Happy birthday Steve Jobs: how Apple disciples still worship the modern messiah

  24 February 2017    Read: 1899
Happy birthday Steve Jobs: how Apple disciples still worship the modern messiah
The Apple founder would have turned 62 today. As fans commemorate his birthday, how did Jobs become a 21st century idol?
More than five years since Steve Job’s death, the Apple founder’s legion of followers are paying homage on the day of his birth. Jobs would have turned 62 today and, although birthday celebrations for the dead are typically replaced by memorials, thousands of Jobs’ fans are tweeting messages in his honor.

Their devotion to his legacy is a reminder of how Steve Jobs wasn’t simply a celebrity, but an inspiration and icon. His products were received with fervour and, when Jobs died on October 5th 2011, he was commemorated with thousands of real apples that were mournfully placed outside Apple stores. Steve Jobs achieved great innovations as a technology entrepreneur, but he’s revered and celebrated as a modern messiah.

Heidi Campbell, associate professor of communications at Texas A&M University and author of a paper on “How the iPhone became divine,” says that the religious devotion to Jobs isn’t entirely accidental.

“Apple has a long history of invoking religious language and ideas. Part of this is rooted in Steve Jobs’ spiritual searching, and part is due to advertising campaigns,” she says.

The company emblem, an apple with a bite taken out, is reminiscent of the forbidden fruit in the Garden of Eden. iPhone adverts that show a finger hovering over a screen, with the slogan “touching is believing”, have been compared to Caravaggio’s, The Incredulity of Saint Thomas, where the doubting apostle is shown touching the wounds in the side of Jesus.

Even adverts without religious connotations, such as Apple’s famous 1984 commercial for the Mac computer, tend to depict Apple as a path to liberate us from stagnant reality.



“It’s presenting Apple products as revolutionary things that can free people from bondage,” says Campbell. “A lot of Mac fans buy into this movement; they see themselves as edgy and as seeing the light while others are in the darkness.”

Apple’s marketing department made a clear decision to help promote their message through Steve Jobs, and so the founder became strongly linked with the brand’s ideology. Jobs attended the 1978 company Christmas party dressed as Jesus Christ, and his return to Apple, after he was unceremoniously ousted, is referred to as the Second Coming.

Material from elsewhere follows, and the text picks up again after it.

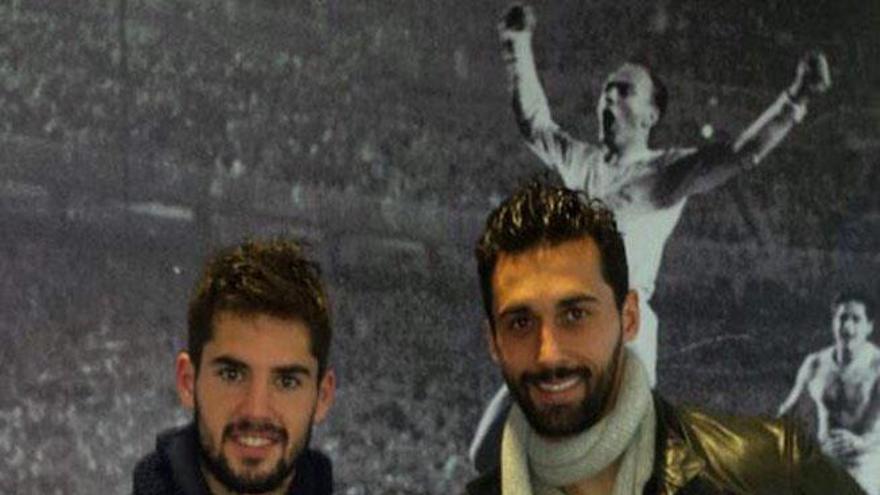 Isco o Arbeloa quisieron posar junto al pequeño Adrián.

But while Apple intentionally planted the seed, fans of Jobs allowed his messianic status to blossom. When the iPhone was released, strategy consultant Tomi Ahonen wrote a blog post arguing that, “much like the Western calendar marks time from before and after Jesus Christ”, the iPhone divides time into two eras: BI (before iPhone) and AI (after iPhone). Fans later nicknamed the iPhone the “Jesusphone”, and created photoshopped images of the Virgin Mary cradling an iPhone, or Steve Jobs coming down from Mount Sinai holding two iPhones aloof.

“It’s tongue-in-cheek but there’s this idea that he’s a messiah with divine sources of inspiration,” says Campbell. “He’s still an icon after he’s passed away because of fan culture. People believe that he created the technology that set people free from the bondage of PCs. We have a messianic figure that led people, brought new life to the technology when it was almost dead, and created transformational technology from nothing.”

Steve Jobs spent his life leading a technology revolution, and disciples have no intention of forgetting their messiah now that he’s dead.